Publication Date: September 13, 2016
A poignant, timely, and universal picture book about fear, adoption, family, and the joy of fatherhood, written by beloved and award-winning author Vera B. Williams and illustrated by the author in collaboration with two-time Caldecott Medalist Chris Raschka.
After Lester is adopted by Daddy Albert and Daddy Rich, he develops a big problem—he can't fall asleep. Night after night he creeps into his parents' room and attempts to crawl in between his two daddies, confident that if he's with them and their dog, Wincka, nothing bad will happen to him ever again. But every night, Lester's new dads walk him back to his own room, hoping that eventually Lester will get used to the new house and his new family and feel as though he belongs. They buy him a bike and take him for ice cream. They make cocoa and introduce him to his cousins. But no matter how happy Lester seems during the day, he still gets scared and worried at night! It's the sweet dog Wincka who finally solves the problem when she climbs into Lester's bed and promptly falls asleep, serving as both his pillow and his protector. Lester feels home at last.

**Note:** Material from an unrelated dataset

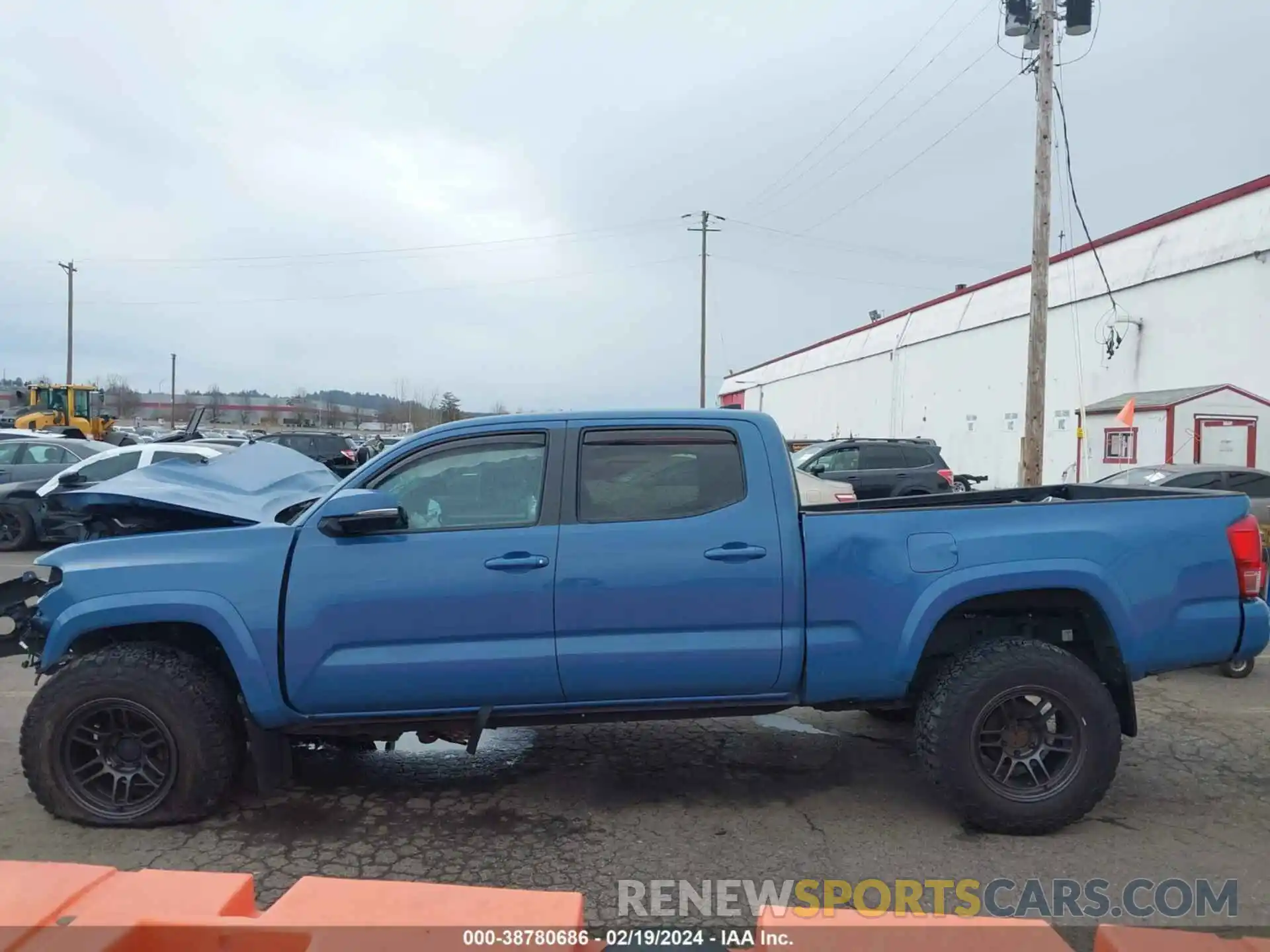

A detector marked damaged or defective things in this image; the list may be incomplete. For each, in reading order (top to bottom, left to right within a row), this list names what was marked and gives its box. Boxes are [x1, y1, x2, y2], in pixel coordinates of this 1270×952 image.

damaged front end [0, 574, 53, 661]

Vera B. Williams died on October 16, 2015, while still working on this book with her dear friend and fellow artist Chris Raschka. Chris Raschka's astonishing and glorious full-color paintings are based on sketches by Vera B. Williams and honor both her spirit and her intent. Home at Last is a universal, timely, and timeless book about the right of all children to belong someplace safe.
Praise For Home at Last…
“Williams’ heartfelt text, published posthumously, supports Raschka’s expressive illustrations to tell the story of a child adopted by two dads. ... Raschka’s paintings add emotional depth to the setbacks, miscommunications, and moments of joy. …A book to welcome into all kinds of homes.”
“A real portrait of the family emerges and doesn’t shy away from difficult aspects. ...In their watercolor pictures, Williams and Raschka engage this specificity and intimacy further, with cozy, limber shaping that recalls Margot Zemach and big, beautiful hands for the dads, ready to protect and comfort their son.”
“This story by the legendary author, completed shortly before she died, is her usual combination of homey and humane...Raschka’s sunny watercolor illustrations are bursting with undefined over busyness that sometimes makes details hard to discern, but the joy and warmth remain a constant even during Lester’s struggle.”